I'm a consultant that frequently works with clients that want NER. In some cases, I've been exporting datasets from Pandas to Google sheets and having my clients label with their own team.
For a project I'm working on right now, I'm breaking up a corpus of documents into sentences and building a labeled set based on a few categories (does the sentence contain the named entity of interest). My client told me my awesome google sheet is difficult to use given the lack of context of where the sentences are in the original documents. They suggested having 2 sentences on either side of the sentence of interest in context while labeling the sentence of interest. I could build this in Django but is it possible to format data and use it in a way with Prodigy that allows it to be displayed in this manner for applying a single label to a sentence?
For example:
Sentence 58: I am a sentence.
Sentence 59: There are many like me. Sentence 60: This sentence has an entity of interest!

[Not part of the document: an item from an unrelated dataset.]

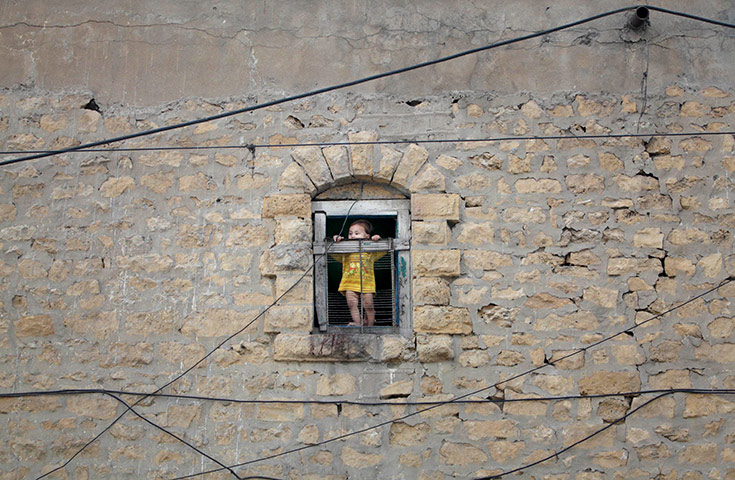 24 hours in pictures: A boy looks at power lines outside a window of a buiding in Karachi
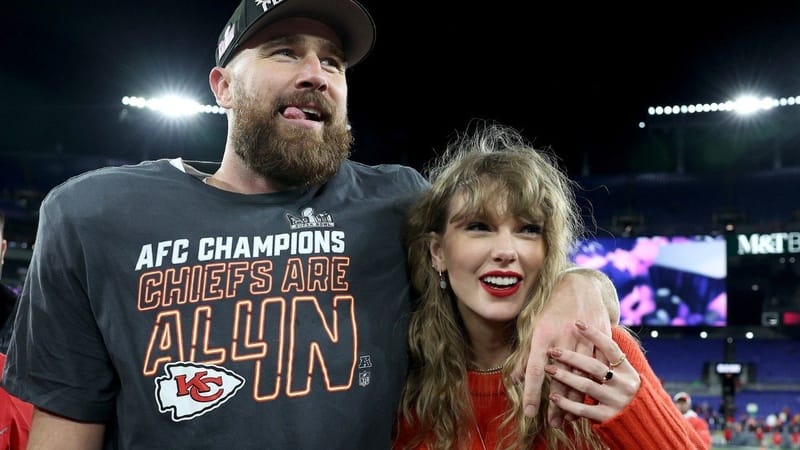 Travis Kelce and Taylor Swift pose together at a stadium during an AFC Championship event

Sentence 61: This sentence does not.
Sentence 62: Also, this sentence does not.
Buttons: cat 1, cat 2, cat 3, cat 4
Sentence 60 is the one that needs to be labeled but two sentences prior and after are in context. I admit, for this exact project, this would be very helpful given the language. Could this be done with Prodigy?
Hi! It should definitely be possible to present your data this way in Prodigy – after all, the app will render whatever you give it, if it can be rendered with any of the available interfaces or HTML.
The most elegant solution would probably be to stream in your sentences in triples (or wait, quintuples in your case? ) and present the previous and next sentences, with the current sentence highlighted. For example, if you're just classifying the sentence (and not the entities themselves), your input task could look like this:
{
"sentence": "This sentence has an entity of interest!",
"html": "Prev sentence. <strong>This sentence has an entity of interest!</strong> Next sentence",
"options": [{"text": "cat1", "id": "CAT1", ...}]
}
You can then render it with two blocks: a html block to render the HTML, and a choice block for your 4 category options. When you export the annotated data, the value of "sentence" gives you the original raw sentence – alternatively, you could also just add "sentence_id": 60 or whatever else you want to track.
If you're working with an interface like ner_manual to do actual entity highlighting, you can also set tokens to "disabled": true and make them unselectable – for example, all tokens in the previous and next sentence. This means that the annotator will see the context tokens in grey, but will only be able to annotate the current sentence (you can see an example of disabled tokens here).